Corporate law ideas from literature

Corporate purpose, deriving meaning from work, and viewpoint diversity – some thoughts after reading Yosifon’s MOBY DICK AS CORPORATE CATASTROPHE

Professor David Yosifon’s new article, Moby Dick as Corporate Catastrophe, brings to life a number of corporate law issues – corporate purpose, agency costs, aligning incentives of agents (managers) with that of the owners, misbehaving corporate leaders, the role of general counsel, etc. I will discuss three of them here:

Corporate purpose

My favourite passage from the book is below. I like it because Yosifon provides us with a side of the corporate purpose debate that he is not an advocate of. I think we have something to learn about academic practice and about corporate law in this article.

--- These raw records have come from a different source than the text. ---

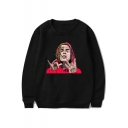 American Rapper Figure Print Round Neck Long Sleeve Relaxed Pullover Sweatshirt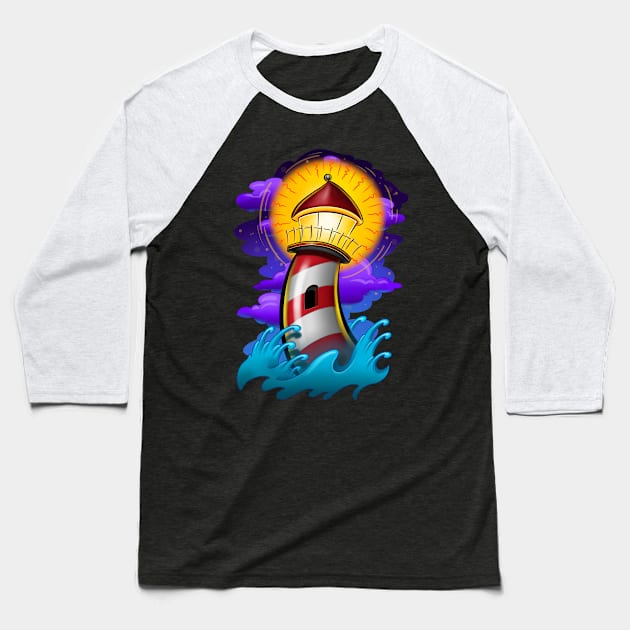 The Little Lighthouse Baseball T-Shirt by Dorian Bakalov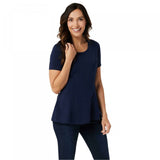 Isaac Mizrahi Live! Women's Short-Sleeve Seamed Peplum Knit Top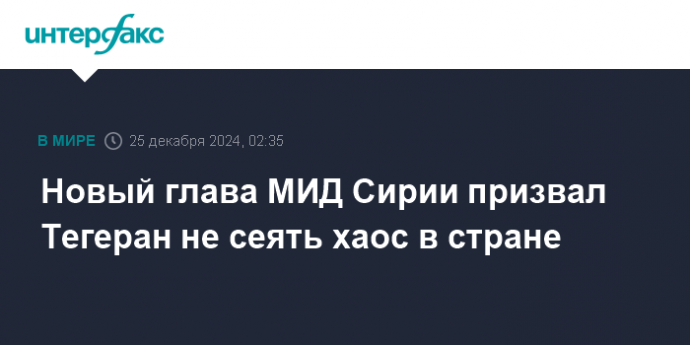 Новый глава МИД Сирии призвал Тегеран не сеять хаос в стране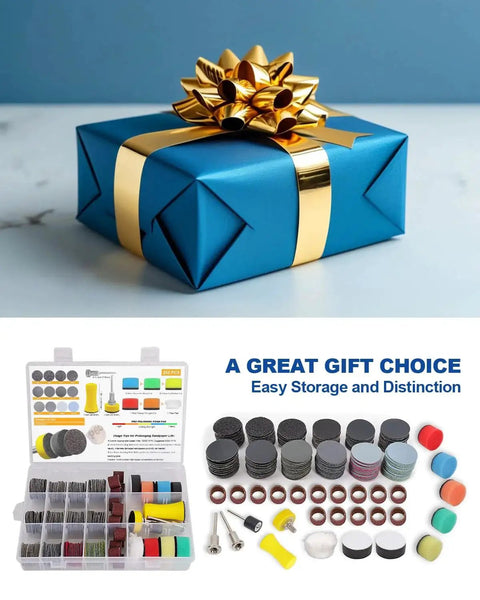 Gift set with 1 Inch Wet And Dry Sanding Discs And Drums Kit for Rotary Tool 60 to 10000 Grit, includes storage case and accessories.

Melville paints both sides of the corporate purpose debate, and while anyone can find confirmation of their priors in the text (as my preceding paragraphs well show), the honest reader is also confronted with complexity that must in the end leave them uncertain. Novelists do not have the policymaker’s responsibility to finally make legal decisions and settle designs with particularity, as must be done. But knowing the complexities in a beautiful way can make us humble about our policy choices and unsanctimonious towards our opponents. Just when you are sure that shareholder primacy has made a mess of everyone involved, this comes: Ishmael brings along his new best friend Queequeg, a Pacific-Islander tattooed from head to foot, to sign up with the Pequod too. Queequeg gives the managers a brief demonstration of his harpooning skill by striking a bulls-eye through a small tar-stain floating in the water off the side of the ship. Captain Bildad quickly offers him the “90th lay”, a far better rate than was given to Ishmael. The profit-motive is narrow, so narrow that it can sometimes sneak a path right through the worst demons of human nature. Queequeg is judged not by the inked icons on his skin, nor by racist presumptions about his character, but by the content of his harpooning skill. This anti-racist policy is dictated not from Bildad’s Bible, nor any conscious humanitarianism, but from the acid bath of the market. [Works of Richard Epstein and Thomas Sowell are referenced for this last claim]

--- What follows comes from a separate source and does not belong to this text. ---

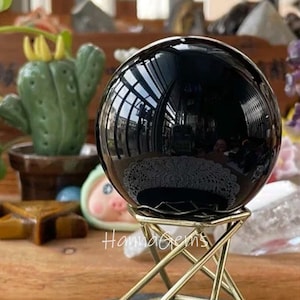 Natural Black Obsidian Sphere, Black Obsidian Ball, Quartz Crystal Sphere, Mineral Specimen, Soul Healing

Deriving meaning from work

Another passage in the article I like, speaks to the meaning we find in our work and how corporations fit into that idea:

But thinking it through, he comes to understand the inevitability of human connection:

I saw that this situation of mine was the precise situation of every mortal that breathes; only, in most cases, he, one way or other, has this [conjoined] connexion with a plurality of other mortals. If your banker breaks, you snap; if your apothecary by mistake sends you poison in your pills, you die. . . . [H]andle Queequeg’s monkey-rope heedfully as I would, sometimes he jerked it so, that I came very near sliding overboard. Nor could I possibly forget that, do what I would, I only had the management of one end of it.

Ishmael’s recognition that he is inevitably involved with other people is catalyzed by his first conceiving of his situation as being like a joint-stock company. He builds from that idea to a mature, accepting understanding of the relatedness of all humankind.

Yosifon links this “what sentiment of being the idea of the corporation might provide to” Ishmael “to help him make a gratifying sense of himself, and his relationship to others”. I like this passage and the idea Yosifon draws from it because we all do derive some sense of being from where we work. It is what makes us take a job even if it pays a little less than another – we are looking for intangibles that might help us with that “sense of being”.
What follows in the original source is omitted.